● EXERCISE
Only what runs from the line with "Composition with hair" to the end of the data should appear in the answer, exactly as written and without pictures.

Scraped caption text data
···

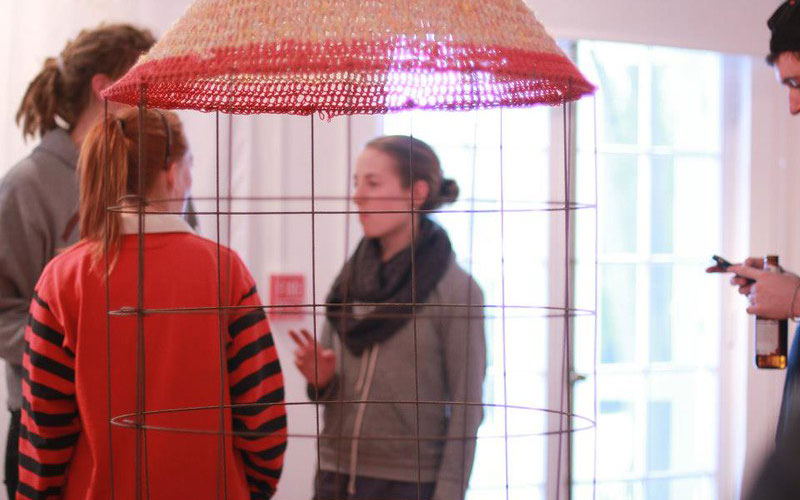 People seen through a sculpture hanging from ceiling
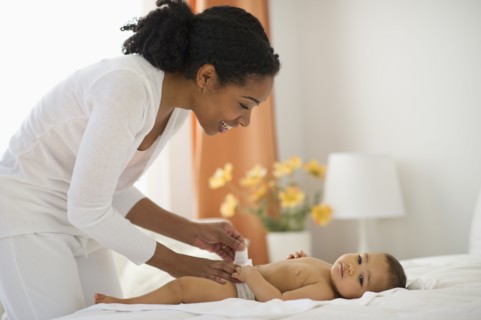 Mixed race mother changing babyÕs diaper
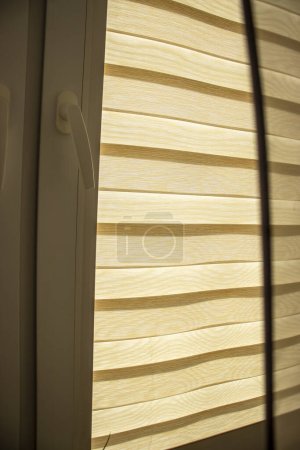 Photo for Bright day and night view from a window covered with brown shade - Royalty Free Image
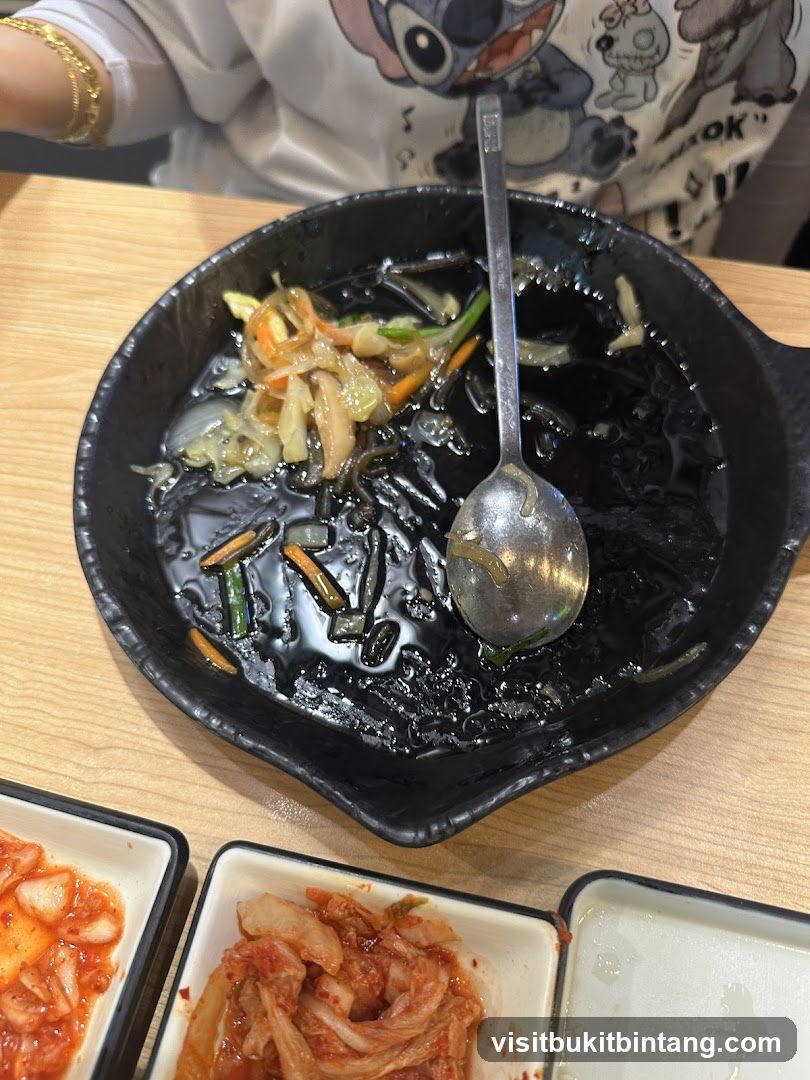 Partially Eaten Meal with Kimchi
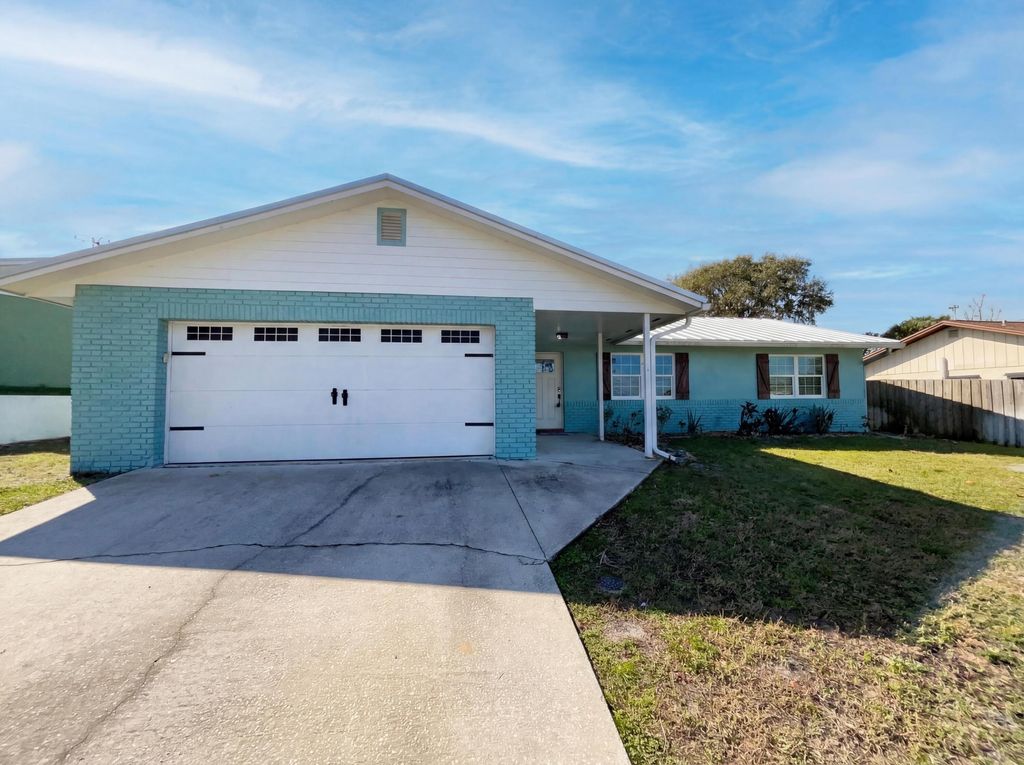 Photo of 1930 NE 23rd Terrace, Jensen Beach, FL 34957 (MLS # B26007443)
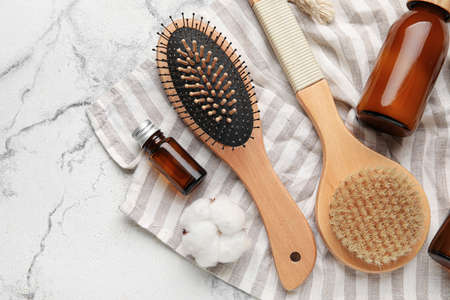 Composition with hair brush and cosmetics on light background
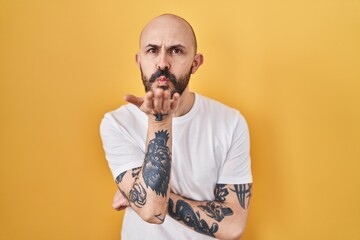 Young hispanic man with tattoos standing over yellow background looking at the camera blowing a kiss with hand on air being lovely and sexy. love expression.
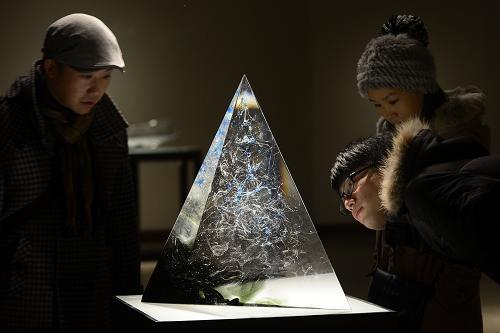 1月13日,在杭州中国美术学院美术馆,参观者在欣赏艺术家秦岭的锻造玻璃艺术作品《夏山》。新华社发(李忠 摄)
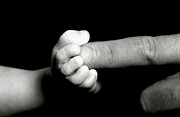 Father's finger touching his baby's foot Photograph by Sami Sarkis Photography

···

● TASK RESPONSE
 Composition with hair brush and cosmetics on light background
 Young hispanic man with tattoos standing over yellow background looking at the camera blowing a kiss with hand on air being lovely and sexy. love expression.
 1月13日,在杭州中国美术学院美术馆,参观者在欣赏艺术家秦岭的锻造玻璃艺术作品《夏山》。新华社发(李忠 摄)
 Father's finger touching his baby's foot Photograph by Sami Sarkis Photography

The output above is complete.